Thursday, June 25, 2009

3 Films and Lesson for Humanity

In the past one month, I watched 3 films with setting at different time and space.

One of which is The City of Life and Death (known in Chinese as Nanjing!Nanjing!). This is a story of the Rape of Nanjing. The film tells the story of, among other, a brave Chinese soldier who resisted the Japanese in street fighting following the retreat of his commander. He was eventually arrested and forced to march with thousands of Chinese POW to the Yangze River bank where they were all mercilessly machine-gunned down. This was not war. This was mass murder, masacre of the highest order against POW. The commanding officer of Imperial Army in Nanking then was Prince Asaka who lived a post war live filled with golf and died only in 1980s never was he brought to account for his role.

The films also tell about John Rabe, a German businessman with the Nazi membership who saved many Chinese civilians through setting up the Nanking Safety Zone. In the films, there were also other brave characters who gave their life to save other as well as the unsavoury who tried to save their own by selling out others.

There were also many uneasy scene where the girls were raped and enslaved as the comfort women. I remember from my reading that the girls at Jinling Girl College were mass raped by the Japanese soldiers. We are talking about thousand and thousand of violent sex victims many of whom didn't survive to tell the story.

It always anger me that someone out there, be it the right wing Japanese or the China bashers whatever their nationality, who denied the attrocity simply because they either cannot accept their responsibility or just hold the Chinese in contempt. The latter has their theory that the CCP made up or exagerate the Nanking massacre in order to give its rule the legitimacy. I find this Cold War era theory ludicrous and these peoples are no different from those who denied the Holocaust.

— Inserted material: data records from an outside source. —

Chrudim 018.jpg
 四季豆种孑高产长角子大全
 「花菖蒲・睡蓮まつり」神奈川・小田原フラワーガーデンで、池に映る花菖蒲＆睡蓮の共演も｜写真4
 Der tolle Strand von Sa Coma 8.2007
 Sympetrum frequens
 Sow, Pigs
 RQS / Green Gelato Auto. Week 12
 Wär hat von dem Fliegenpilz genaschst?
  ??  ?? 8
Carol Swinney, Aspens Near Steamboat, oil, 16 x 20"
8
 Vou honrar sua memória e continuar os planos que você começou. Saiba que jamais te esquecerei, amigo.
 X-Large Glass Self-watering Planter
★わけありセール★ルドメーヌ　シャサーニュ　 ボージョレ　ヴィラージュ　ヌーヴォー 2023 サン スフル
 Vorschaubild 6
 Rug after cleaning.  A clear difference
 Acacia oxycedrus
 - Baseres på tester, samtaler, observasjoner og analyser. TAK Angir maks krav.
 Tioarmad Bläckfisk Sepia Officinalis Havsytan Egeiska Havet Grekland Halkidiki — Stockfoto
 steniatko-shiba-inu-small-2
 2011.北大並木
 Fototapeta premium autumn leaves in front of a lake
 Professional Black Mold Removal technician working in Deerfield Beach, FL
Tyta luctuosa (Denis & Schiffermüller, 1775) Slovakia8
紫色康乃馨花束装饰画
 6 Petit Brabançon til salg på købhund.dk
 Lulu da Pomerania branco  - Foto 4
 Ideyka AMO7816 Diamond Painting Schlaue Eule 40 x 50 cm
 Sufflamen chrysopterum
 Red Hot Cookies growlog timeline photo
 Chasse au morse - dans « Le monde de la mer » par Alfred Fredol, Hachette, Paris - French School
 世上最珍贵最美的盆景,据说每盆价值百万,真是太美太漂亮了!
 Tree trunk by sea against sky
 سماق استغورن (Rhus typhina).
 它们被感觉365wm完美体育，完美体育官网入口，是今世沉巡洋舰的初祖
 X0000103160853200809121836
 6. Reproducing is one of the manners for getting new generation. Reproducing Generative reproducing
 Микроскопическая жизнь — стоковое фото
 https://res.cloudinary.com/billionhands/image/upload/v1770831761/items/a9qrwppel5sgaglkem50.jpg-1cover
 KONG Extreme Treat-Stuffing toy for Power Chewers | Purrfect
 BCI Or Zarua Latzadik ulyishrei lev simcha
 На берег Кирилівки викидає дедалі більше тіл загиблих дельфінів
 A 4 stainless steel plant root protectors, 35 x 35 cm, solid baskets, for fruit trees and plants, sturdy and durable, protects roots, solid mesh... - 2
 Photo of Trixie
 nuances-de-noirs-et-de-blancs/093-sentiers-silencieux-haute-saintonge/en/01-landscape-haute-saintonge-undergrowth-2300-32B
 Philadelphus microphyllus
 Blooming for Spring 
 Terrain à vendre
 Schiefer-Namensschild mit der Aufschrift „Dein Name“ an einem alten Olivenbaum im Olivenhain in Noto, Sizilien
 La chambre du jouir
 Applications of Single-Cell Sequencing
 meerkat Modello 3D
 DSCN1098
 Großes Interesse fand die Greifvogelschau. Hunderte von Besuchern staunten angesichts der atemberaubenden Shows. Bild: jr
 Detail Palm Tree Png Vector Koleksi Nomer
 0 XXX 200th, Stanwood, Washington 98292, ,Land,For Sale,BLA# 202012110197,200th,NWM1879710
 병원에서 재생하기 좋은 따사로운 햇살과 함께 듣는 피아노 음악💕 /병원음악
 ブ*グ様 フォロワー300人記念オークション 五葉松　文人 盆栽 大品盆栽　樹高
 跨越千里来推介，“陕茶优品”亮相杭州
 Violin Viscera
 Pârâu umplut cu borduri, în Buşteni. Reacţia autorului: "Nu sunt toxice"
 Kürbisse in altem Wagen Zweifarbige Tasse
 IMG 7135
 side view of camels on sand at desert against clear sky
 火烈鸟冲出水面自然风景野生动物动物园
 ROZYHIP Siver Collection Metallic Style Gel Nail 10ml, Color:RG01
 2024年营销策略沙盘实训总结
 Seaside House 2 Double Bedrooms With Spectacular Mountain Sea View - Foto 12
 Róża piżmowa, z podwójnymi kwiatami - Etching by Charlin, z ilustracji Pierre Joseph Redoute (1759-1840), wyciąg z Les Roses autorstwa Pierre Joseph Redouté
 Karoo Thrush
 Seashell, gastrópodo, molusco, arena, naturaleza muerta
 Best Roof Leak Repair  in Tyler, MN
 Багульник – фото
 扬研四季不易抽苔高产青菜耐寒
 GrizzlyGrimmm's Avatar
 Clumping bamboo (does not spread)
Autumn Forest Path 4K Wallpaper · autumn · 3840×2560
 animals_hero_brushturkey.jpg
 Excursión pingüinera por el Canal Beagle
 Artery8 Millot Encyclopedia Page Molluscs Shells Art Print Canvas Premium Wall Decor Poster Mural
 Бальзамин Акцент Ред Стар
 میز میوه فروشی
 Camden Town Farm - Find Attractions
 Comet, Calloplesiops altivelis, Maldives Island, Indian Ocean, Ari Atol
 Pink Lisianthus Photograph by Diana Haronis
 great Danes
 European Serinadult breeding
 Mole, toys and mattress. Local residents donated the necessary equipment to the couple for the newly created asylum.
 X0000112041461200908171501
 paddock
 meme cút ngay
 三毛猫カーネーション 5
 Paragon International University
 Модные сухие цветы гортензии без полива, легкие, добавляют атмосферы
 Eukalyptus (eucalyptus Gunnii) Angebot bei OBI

Back to the film, Lu Chuan, the film producer gave a sympathethic portrayal of a Japanese soldier for which he received death threat from the angry Chinese netizens. Again, this show the immaturity of many mainland Chinese who are unable to accept even a slight variant to the standard description of the Imperial Japanese army.

On the other hand, I am very happy to see more diverse perspectives introduced into the film making. What they did is not a revision of the history rather it is a microscopic perspective of a world with unlimited spectrum of characters and possibilities.

With hindsight, largely due to the Cold War, the perpetrator of war crime particularly the Japanese Imperial Family was not brought to justice. Emperor Hirohito was spared. So was Prince Asaka, the commander at the time of the Rape of Nanking.

Nevertheless, this responsibility in granting the immunity to the Imperial Family is largely that of Douglas MacArthur who single-handedly deprieve any notion of justice to the victims in the region and the humanity at large. What MacArthur did was equivalent to installing Hitler as the German Chancellor.

I will call for MacArthur family and the American government (vicarious responsibility) for a formal apology.

Moving on the second film Rwanda Hotel. This is a story of a Hutu hotelier, Paul Rusesabagina, who shielded hundred of Tutsi and moderate Hutu from the Hutu militia during the 1994 genocide in which an estimate of 800000 were killed.

The film blamed the Westen inaction against and the French complicity in arming the Hutu in wiping out the Tutsi. (It is disgusting that the France today are taking a high moral ground on human right)

It is really sad watching the so-called peacekeeper withdrew from a guarded compound full of refugees who minutes later were slaughtered by the advancing Hutu militia.

The conflict traces its root to the colonial era. The racial stereotyping and prejudice are human's greatest folly which is reenacted generation after generation. By the way, Rwanda is very much a Christian country most observers failed to highlight.

One thing strikes me was the role played by the media. In this case, the radio broadcast by the Hutu extremist repeatedly went on to the airwave to call for blood against the cockcroach, a code name for Tutsi. The radio also urged the Hutu to "taste" the Tutsi women.

In those senseless age, I wonder what one would do in those circumstances. Kill your neighbour? Protect your neighbour at the pain of being killed yourself if discovered? Tragically, the 1994 genocide saw many chose to be the latter. Catholic priest included.

Maybe the defence of duress is available but does that exculpate such a large scale of mass killing. Almost every surviving Hutu took part. There is simply no jail big enough to house them. Thus punishment is meted out to the organizer and the militia activist, the rest are rehabilitated in return for admission of guilt.

If this is called justice, this is justice. If one disagree, I could only fan out the message from Gandhi, an eye for en eye make the whole world blind.

The last film is the Reader starring Kate Winslet. It tells a story of a female Nazist who was tried and sentenced for killing the Jews at the Concentration Camp. Actually it was more of a story how a new generation of Germans come to term with the attrocity commited by their kins and loved one.

To a large extent, the German had dealt with the truth of Nazi crime much better than the Japanese. The Rwanda led by the Tutsi today are wise enough to forsake retribution im favour of truth and reconciliation.

As for the Japanese, short of a heartfelt apology from the Japanese emperor, the collective conscience of the Japanese will never be absoved of their involvement and complicity in the most attrocious crime against humanity committed in the region's history.